As the summer begins to wind down, kids and parents alike are preparing for the beginning of a brand-new school year. Organizing schedules, arranging carpools, picking out school clothes, checking off lists of supplies, and, of course, dealing with the back-to-school jitters. We send our children off to school where they will spend 7 hours a day with their classmates and their teachers; sadly, more time than I will spend with them at home.
I came across a quote from award-winning playwright Tony Kushner:
“Every student needs someone who says, simply, ‘You mean something. You count.’”
I can’t imagine hoping for anything better when I think of the teachers that are at the helm of my children’s education. To have someone who isn’t just reciting facts and theories by rote, but someone who cares whether they are integrating the information. Someone who is passionate about teaching their students and, ultimately, someone who can lead them to see and understand everything that makes them wonderful; someone who helps them to know their worth and their potential.
There have been many teachers over the years who did this for me (and a few notable exceptions who did not), and as I sit here reflecting on them, I see how this has become my goal as well. Helping others to experience their own potential, to create healthy relationships, to live a life without fear, and a life addicted to positive change is my greatest passion. What all of these distill down to is the profound idea offered by Mr. Kushner: You mean something.
If you are reading this, I’m sure you can think of a few people in your life who showed you the ways in which you matter. Perhaps it was a teacher, but it could also be a parent, a family member, or a friend.

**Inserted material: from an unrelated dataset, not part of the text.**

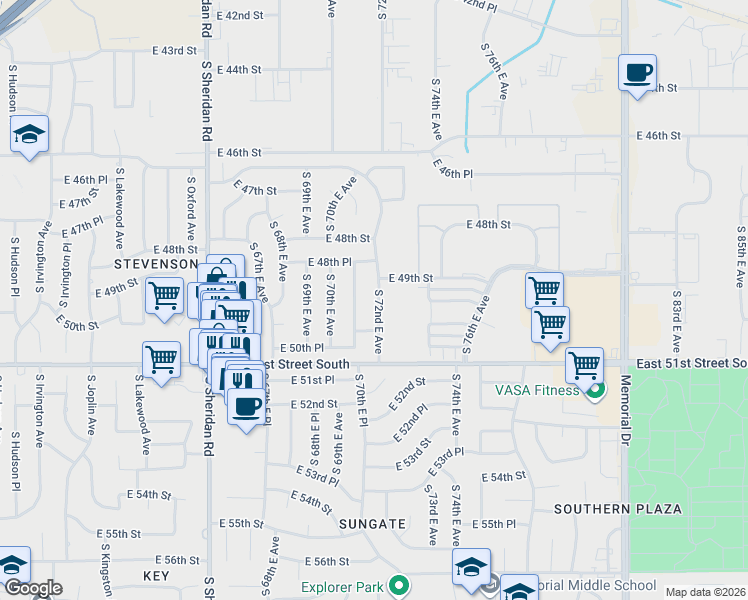 map of restaurants, bars, coffee shops, grocery stores, and more near 4855 South 71st East Avenue in Tulsa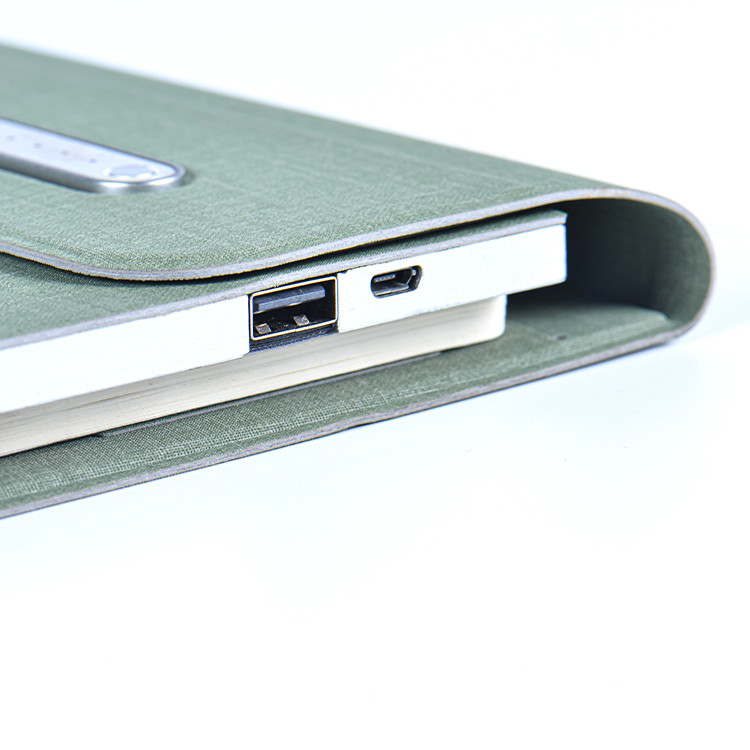Led Logo Smart Luxury Travelers Power Bank Wireless Charging Notebook A5 Pu Leather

The person who witnessed you at your best and at your not-so-great, and still held that high vision of you, for you. Who assisted you not only in your physical or mental growth but in your emotional, and maybe even spiritual growth too.
Imagine that person right now. What gift did they give you? Was it patience while you struggled to understand something? Maybe they were there rooting for you during a trying time. Or maybe they offered you hope when you thought there was none. Or believed in you when you didn’t believe in yourself.

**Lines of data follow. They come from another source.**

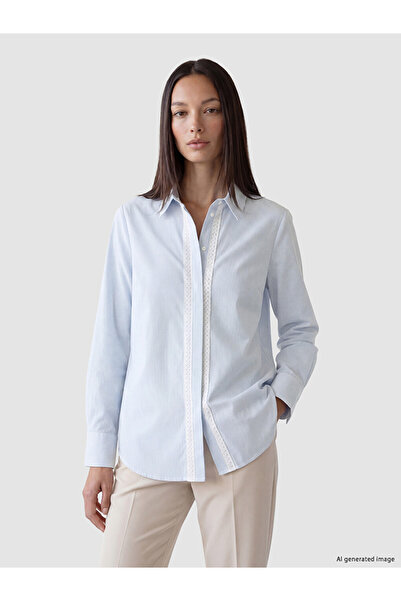 LC Waikiki Blue Lace Detailed Striped Women's Shirt Tunic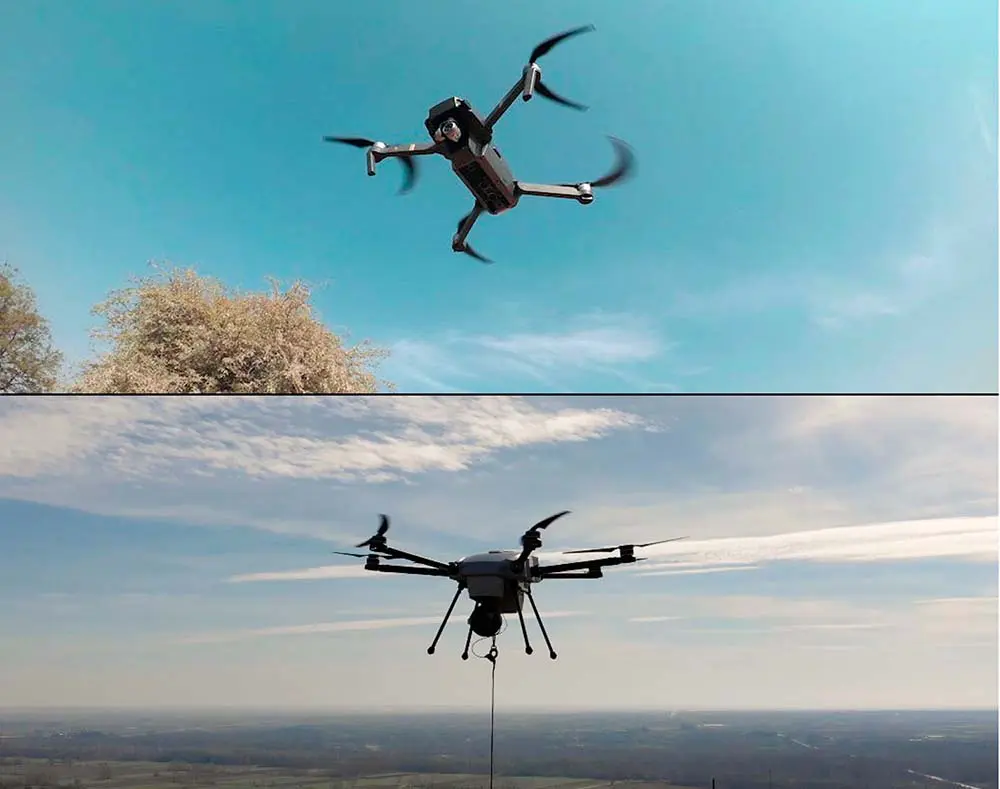 Dron na uwięzi oraz klasyczny dron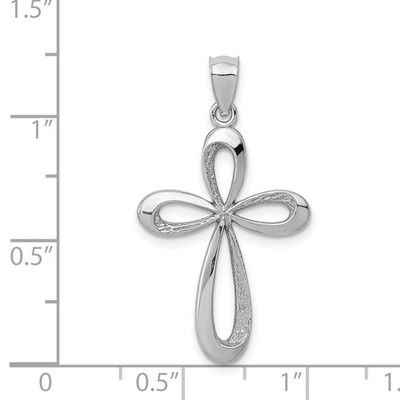 photo number one of 18'' pendant chain with 14 karat white gold cross pendant item 001-310-00300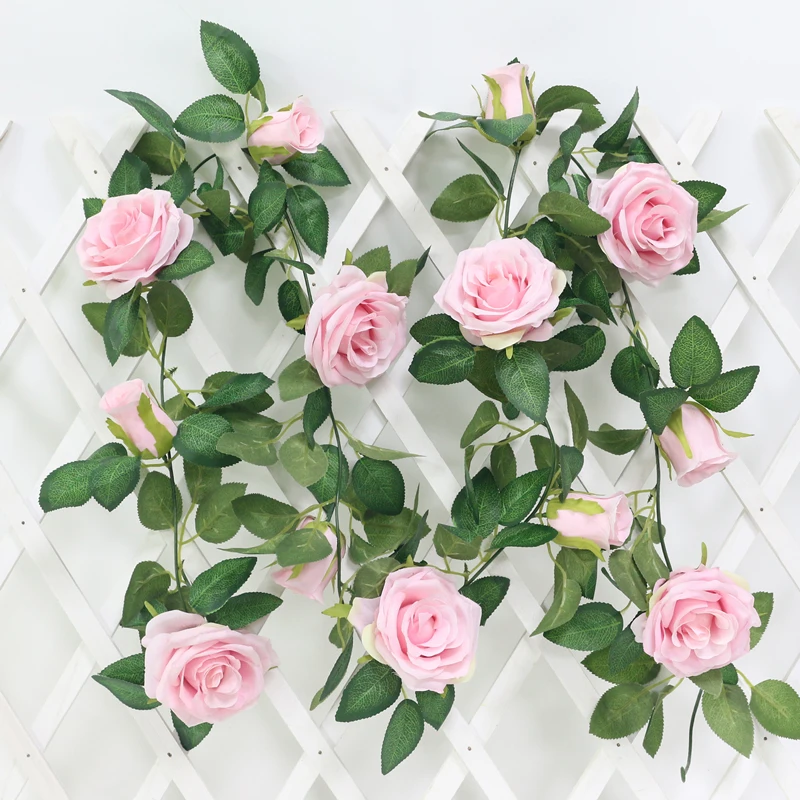JAROWN Artificial 2m Multi Flower High Quality Rose Vine Fake Flower European Rose Home Wall Hanging Rattan Wedding Decor Flores (37)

Whatever they may have done, this person believed in your inherent value and worth. When we take on the task of growing, learning, or changing in any way, we will go through periods of challenge and opposition. This is a natural part of the process of transformation and it is often so easy to succumb to feelings of self-doubt. Kabbalah teaches that our souls are never damaged, they are whole and complete; a perfected version of ourselves is available in every moment. It is this perfected self that the best teachers reflect back to us. And it is something we can offer to everyone in our lives as well.

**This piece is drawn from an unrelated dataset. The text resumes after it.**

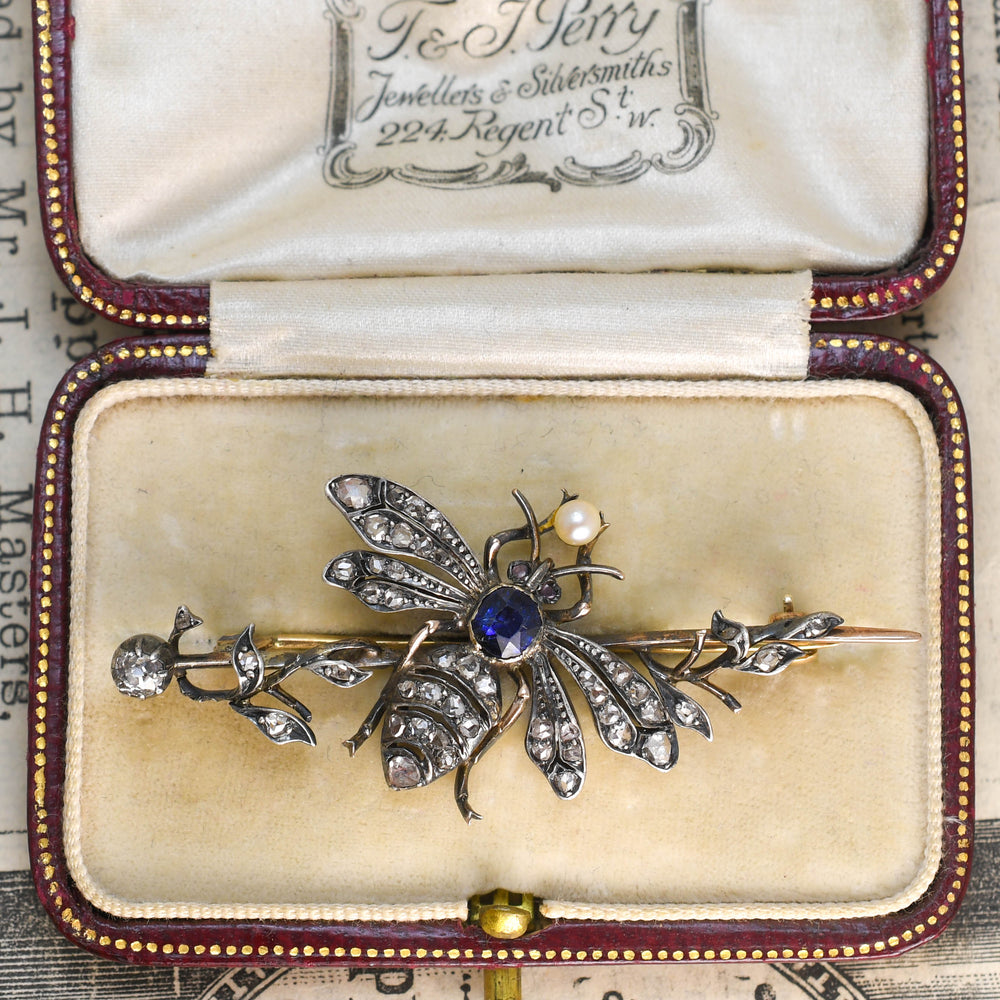 Victorian Diamond, Sapphire & Pearl Insect Brooch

The Baal Shem Tov, one of the great kabbalists, says, “The way that I behave towards the world and others is how the Light of the Creator behaves towards me.” When we let those in our lives know that they matter, the Creator reminds us that the very same thing is true for us.
Imagine for a moment if every person we met throughout our day treated us this way. Better yet, think of how your life would change if you treated every person you met – from your family, friends, and co-workers with this level of human dignity and respect. The world would be a different place if it was full of people who knew their worth.
The point is, you count. You matter. You have the ability in every moment to extend kindness, to share in radical ways, and in so doing to mimic the Light of the Creator. Having an appreciation for yourself and for the fact that you matter helps you to give this gift to others—making you someone’s greatest teacher.
THOUGHT INTO ACTION
When you think of the ways that you matter, what comes to mind? Who helped you to see and know this part of yourself and how can you pay that forward in your life?